Friday, 20 October 2017

October in the Greenhouse (Ramblings)

This month is a busy, busy time in the greenhouse. The garden beds have been cleaned out and winterised, so is time to move on to readying the greenhouse for winter. 

We do our annual, super duper thorough, clean up in October, after the water restrictions have been lifted, but while it is still warm enough to be spraying water ... and getting thoroughly soaked in the process.    

With the days getting shorter daily, sparkling clean walls, inside and out, help let in more of that weak winter sunshine. 

We start by emptying pretty much everything out of the greenhouse. All the plants, furniture, bits and bobs. Anything that you do not want power washed should be hauled out.

Then do a thorough sweep before adding water to the mix ; )

Wash up any unused pots, store away till they are needed again. I call this part 'doing the dishes' ; ) 

The tracks along the sides of the greenhouse, where the walls meet the foundation, always fill up with 'stuff' throughout the summer (bugs, soil, and who knows what else), and the concrete grows green in places where water lingers. 

I go along and fill up those tracks with a soapy bleach water mix to clean up and sanitise. The goal is to get rid of any possible lingering pests, diseases, or fungal issues.

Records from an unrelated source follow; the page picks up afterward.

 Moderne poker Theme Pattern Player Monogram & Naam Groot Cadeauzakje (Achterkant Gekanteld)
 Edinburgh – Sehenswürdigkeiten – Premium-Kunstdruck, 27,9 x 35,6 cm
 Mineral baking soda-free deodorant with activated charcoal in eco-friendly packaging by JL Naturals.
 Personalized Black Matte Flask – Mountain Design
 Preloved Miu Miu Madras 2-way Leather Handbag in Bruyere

Hubby then comes along behind me and power washes the entire interior of the greenhouse. Starting from the roof and working his way down, he washes off the grime, dust, and algae from the walls.

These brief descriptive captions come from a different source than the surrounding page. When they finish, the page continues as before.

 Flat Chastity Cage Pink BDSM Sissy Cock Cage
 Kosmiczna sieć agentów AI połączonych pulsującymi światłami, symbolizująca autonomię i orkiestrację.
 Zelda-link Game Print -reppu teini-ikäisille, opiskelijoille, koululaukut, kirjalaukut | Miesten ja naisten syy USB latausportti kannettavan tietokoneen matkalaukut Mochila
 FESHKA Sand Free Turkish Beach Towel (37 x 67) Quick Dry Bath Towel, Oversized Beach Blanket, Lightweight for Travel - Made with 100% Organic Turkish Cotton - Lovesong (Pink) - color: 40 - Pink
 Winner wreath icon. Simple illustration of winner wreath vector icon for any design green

He then blasts out the all that 'stuff' from inside the tracks, plus the green ick off the concrete and floor. If possible, do this on a nice, sunny day so that the greenhouse dries nicely before you start to bring everything back in again.    

The shade cloth is taken down and stored safely till spring. Mine were made into 'roller shades' by the good folks at BC Greenhouse Builders so that I can raise or lower them throughout the summer, as needed. Super easy to use. In fall, we just rolled them up, un-clipped them from the top, and put them into the curing shed rafters for the winter.

*Make sure your shade cloth is fully dry before rolling or folding up.

Power wash the exterior of the greenhouse, or use a strong stream of water to blast away the film of grit and grime from the outside walls, as well as the green algae that tends to grow around the windows and foundation.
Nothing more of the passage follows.